USS partners with Macquarie to buy Green Investment Bank for £2.3bn

£50bn academics fund teams up with infrastructure giant

The Universities Superannuation Scheme, the £50bn (€59bn) fund for UK academics, has partnered with Australian infrastructure giant Macquarie to buy the UK’s state-owned Green Investment Bank in a £2.3bn deal.

Macquarie had gone into the bidding process for the GIB as a solo bidder last year, but has now formed a consortium with USS and one of its Macquarie European Infrastructure Funds (MEIF5) to win the deal.

The bank was created in 2012, seeded with £3.8bn of public money, to stimulate investment into green projects in the UK. It is often upheld as the first and most successful institution of its kind, and has been replicated in countries around the world.

“This transaction has enabled USS to acquire a portfolio of high quality renewable energy assets on behalf of our members,” said Mike Powell, Head of Private Markets at USS.

“The assets include offshore wind projects and a portfolio of renewable loans, illustrating our capability to invest across the capital structure.

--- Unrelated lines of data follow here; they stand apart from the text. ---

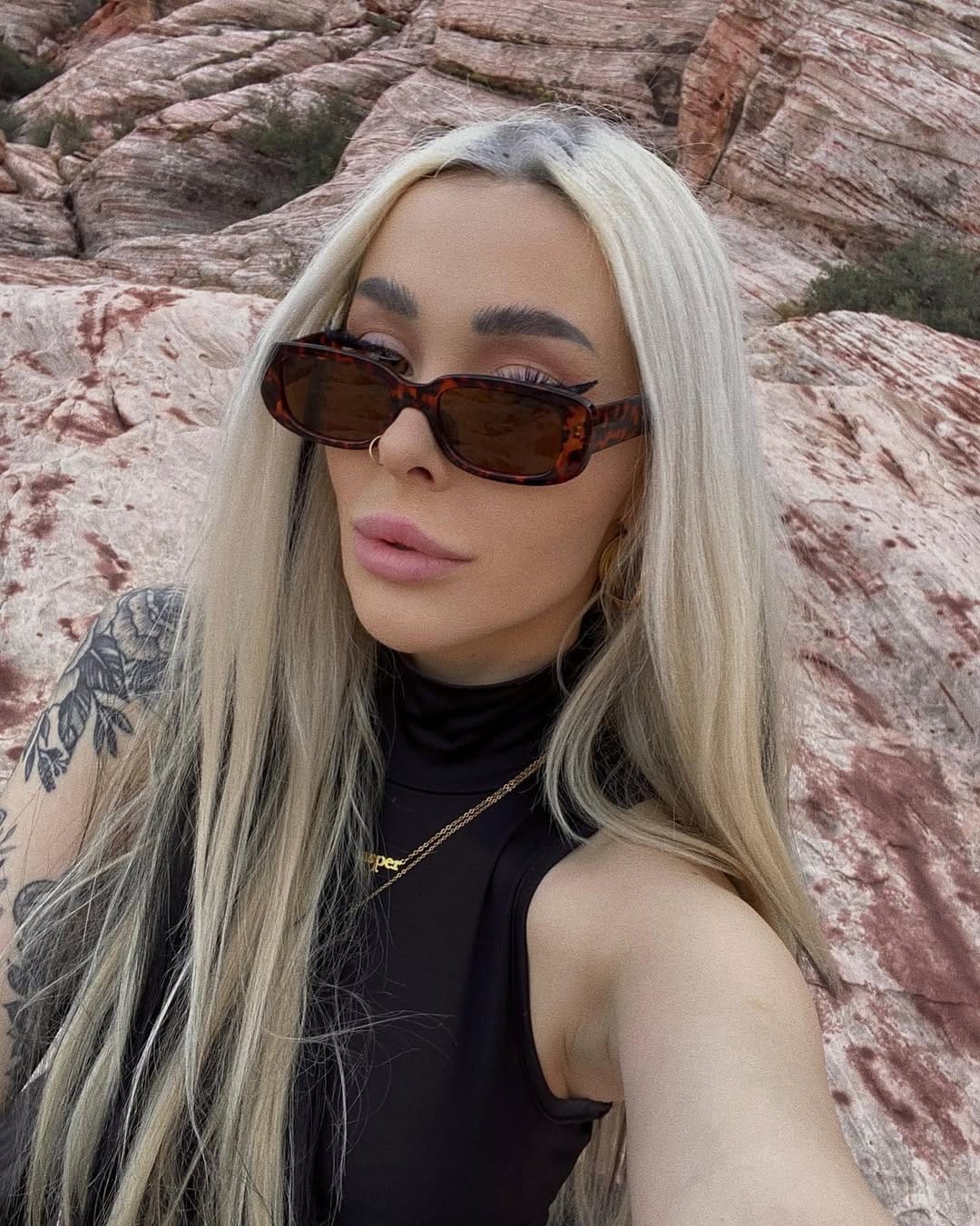 Post 10 by 𝖊𝖑𝖎𝖟𝖆𝖇𝖊𝖙𝖍 on Instagram (carousel)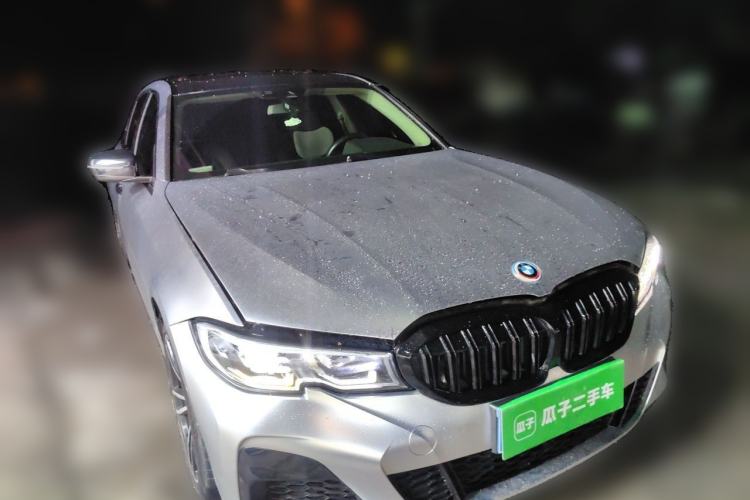 Used BMW 3 Series 2020 325Li M Sport Package Front Right 45 Deg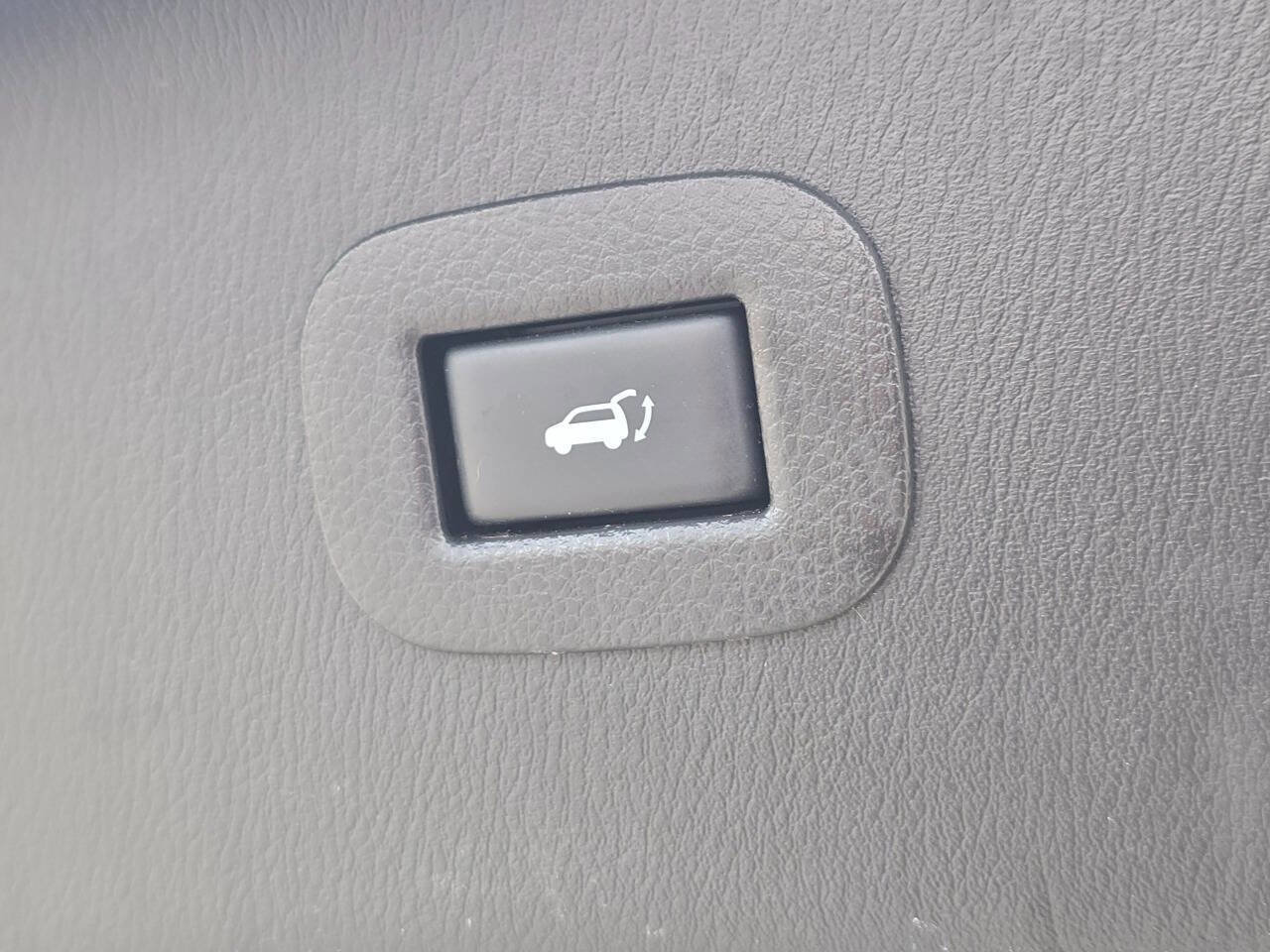 Used 2017 INFINITI QX80 4WD w/ Driver Assistance Package image 32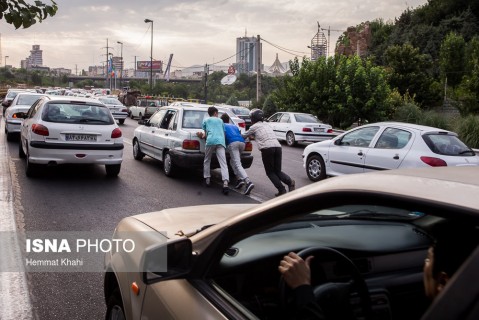 ترافیک و پای لنگ حمل و نقل عمومی تهران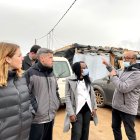 Ángela Rodríguez, a la izquierda, en su visita a un asentamiento en Níjar.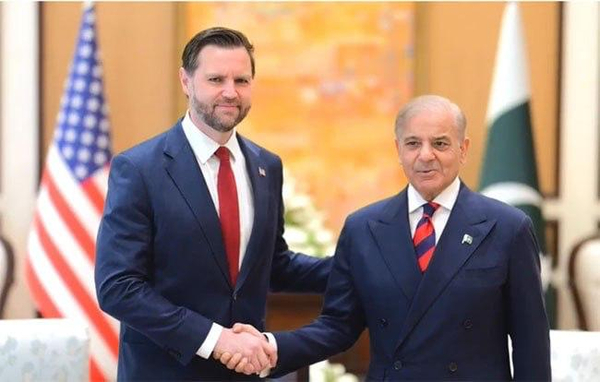 JD Vance, vicepresidente de EE.UU. | Shehbaz Sharif, primer ministro de Pakistán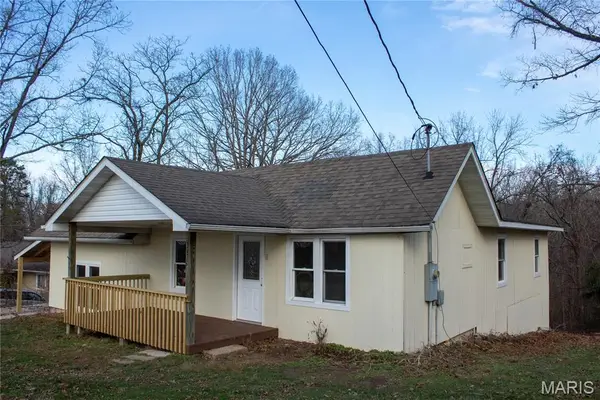 386 Birds Nest Road, Steelville, MO 65565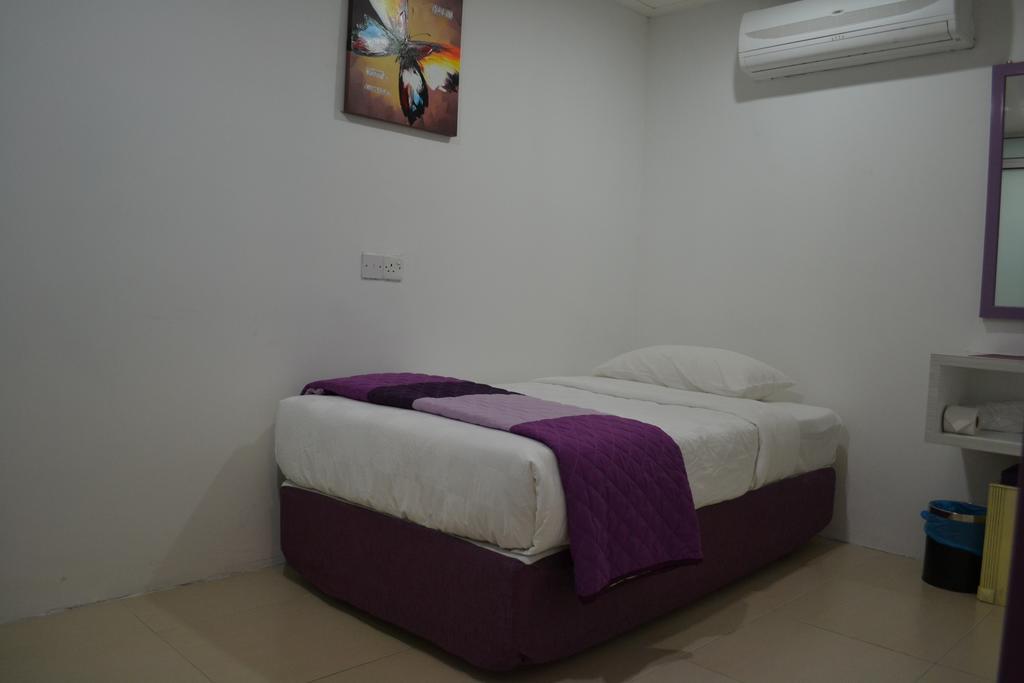 Lavender Hotel Teluk Intan Kamer foto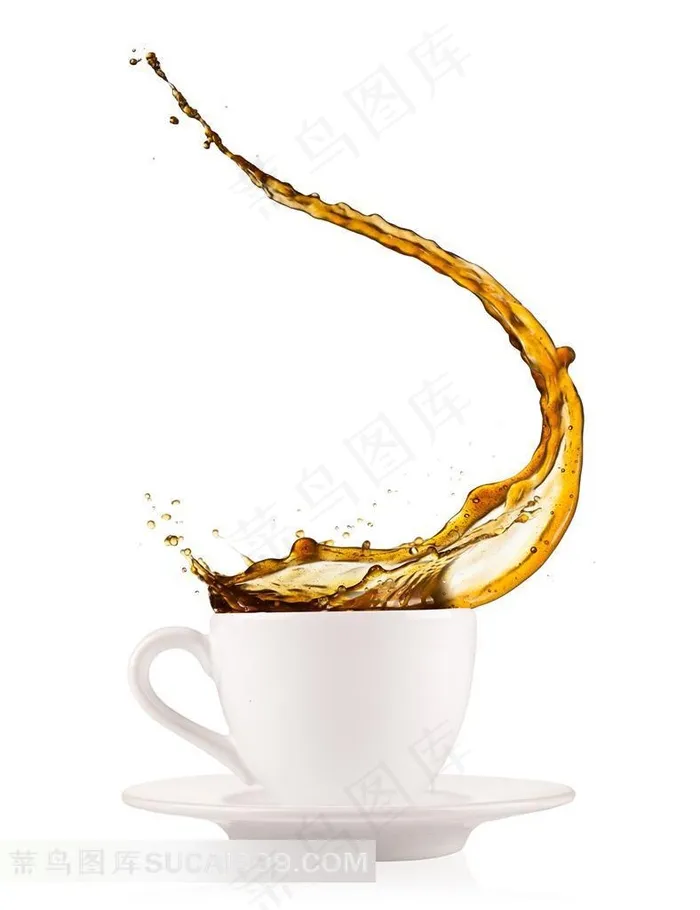 装满动态倒咖啡的白色杯子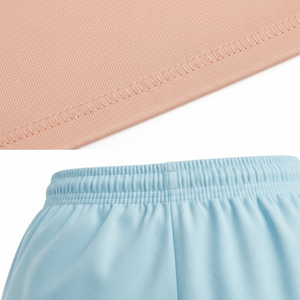 ชุดฟุตบอลแบบสั่งทำพิเศษ ผ้าโพลีเอสเตอร์ 100% ระบายอากาศได้ดี ชุดเสื้อและกางเกงขาสั้นสำหรับทุกเพศ เหมาะสำหรับการฝึกซ้อมทีมระดับพรีเมียม - Product Image 4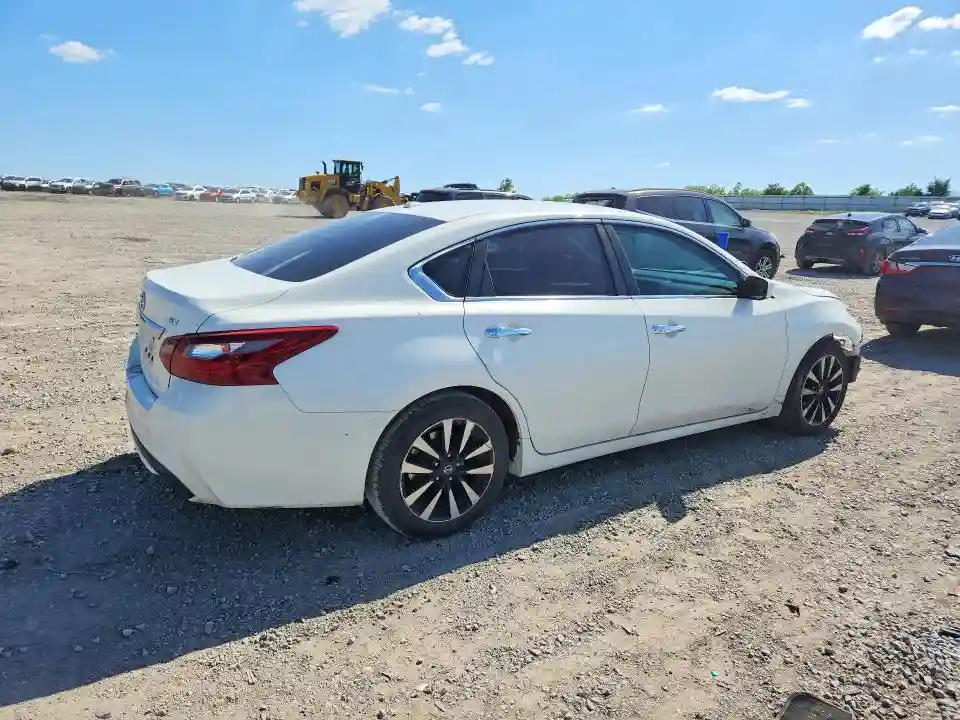 1N4AL3AP4JC237489 2018 NISSAN ALTIMA-2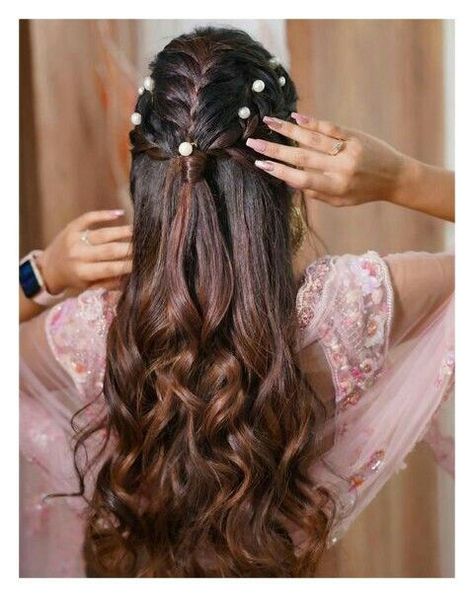 Prom Hairstyle Ideas, Loose Curls Hairstyles, Hair Style On Saree, Hair Style Vedio, Engagement Hairstyles, Prom Hairstyle, Traditional Hairstyle, 2024 Prom, Open Hairstyles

We look forward to continuing our relationship with the Green Investment Bank and finding new opportunities to invest in the low carbon economy in the UK.”

The GIB will become Macquarie’s platform for principal investments in green infrastructure projects in the UK and Europe.

Bids to buy the GIB were submitted last autumn, despite major backlash against the privatization, which was announced just months after the bank began making profit for the first time.

Other bidders shortlisted by the government were widely understood to be private equity heavyweight KKR and a consortium led by UK environmental investment manager Sustainable Development Capital. The consortium included big names such as GE and Mitsui. KKR pulled out before final bids were submitted.

Macquarie garnered a lot of criticism from some corners of the market, following scandal around its ownership of another privatized UK company. Water utility Thames Water was bought by Macquarie in 2006. Since then, the firm has been accused of draining its pension provisions and restructuring Thames Water to enable major tax evasion. Macquarie sold its final stake in Thames Water last month.In January, a series of public figures including Virgin’s Richard Branson and former UK Business Secretary Vince Cable came out against the GIB sale, after revelations that subsidiaries were being created around the GIB, which some said could enable tax evasion. Macquarie was also accused of planning to asset strip the GIB.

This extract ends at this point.